Telcos also battle frequent changes to regulations, which opens the market up to hypercompetition and pressures industry players to constantly become more productive and efficient. Moreover, telcos’ core mission requires them to make large-scale investments in infrastructure (e.g., 5G, fiber, and data centers). These investments do not yield immediate cash flows, which makes even less cash available for the further investments required to drive revenue growth. Breaking this cycle of investment-growth-earnings-cashflow is one of the most critical strategic challenges industry players encounter.
To overcome this paradox, telcos need to become ambidextrous and aspire to deliver better performance in the current context, while constantly investing in building capabilities for future business growth. They should aim to deliver revenue growth while improving profitability, increasing cash flows for investments, and developing future-ready capabilities and infrastructure. In the true spirit of an ambidextrous organization, telcos must focus on scale and productivity on one hand, and speed and creativity on the other. In this Viewpoint, we delve into how telcos can improve productivity in their journey to become truly ambidextrous.
PRODUCTIVITY: BEYOND COST EFFICIENCIES
Productivity should not be mistaken for traditional short-term cost-cutting. Typical cost-cutting programs do not guarantee sustainable improvement in business performance, as evidenced by multiple transformation stories. Such efforts mostly yield a one-time impact on earnings before interest, taxes, depreciation, and amortization (EBITDA) but do not address the root causes of inefficiency. On the contrary, a broader cost-cutting initiative often adversely impacts the drivers of business growth. For example, cutting IT costs could slow down innovation in product development and modularization of capabilities, which in turn impacts the agility of IT delivery.

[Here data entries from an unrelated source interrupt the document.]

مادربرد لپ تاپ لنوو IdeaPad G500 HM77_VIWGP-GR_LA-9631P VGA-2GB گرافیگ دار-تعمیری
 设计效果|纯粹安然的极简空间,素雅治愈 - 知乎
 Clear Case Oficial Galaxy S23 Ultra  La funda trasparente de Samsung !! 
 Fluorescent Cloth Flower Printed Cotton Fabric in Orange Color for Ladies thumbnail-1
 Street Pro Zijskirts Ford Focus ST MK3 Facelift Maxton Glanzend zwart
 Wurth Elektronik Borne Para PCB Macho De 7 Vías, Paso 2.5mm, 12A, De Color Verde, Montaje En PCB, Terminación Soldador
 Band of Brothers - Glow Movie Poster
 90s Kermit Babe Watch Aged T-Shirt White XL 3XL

Delays in product launches and innovation can result in both lower revenues and lower margins, bringing the EBITDA curve to its original trajectory, with no long-term improvement.
Arthur D. Little (ADL) recommends an alternative transformative approach to telcos for achieving sustained business performance improvement — the Productivity RACE (Radical, Accelerated, Continuous, and Effective), which comprises an innovative approach to design and execute productivity improvement programs, while addressing commonly observed challenges and barriers to successful execution of transformation programs (see Figure 1).
PRODUCTIVITY AMBITION & MANAGEMENT AGENDA
Traditionally, few players in the telco industry have consistently placed long-term productivity enhancement on the board or executive agenda, as the focus often remains on short-term EBITDA and annual performance improvement efforts. In the emerging strategic context of VUCA environments, telco boards and executives must adopt a robust steering mechanism that provides a holistic picture of business performance, combining current performance along with evolution of the productivity indicators of the business.
Based on our observations and experience, ADL recommends using four productivity indicators and offers the following guidance for the potential ambition level of telcos:
EBITDA margin — assists in measuring the short-term (i.e., annual) achievement on productivity. The ambition level of telcos on this KPI should be at least 40%.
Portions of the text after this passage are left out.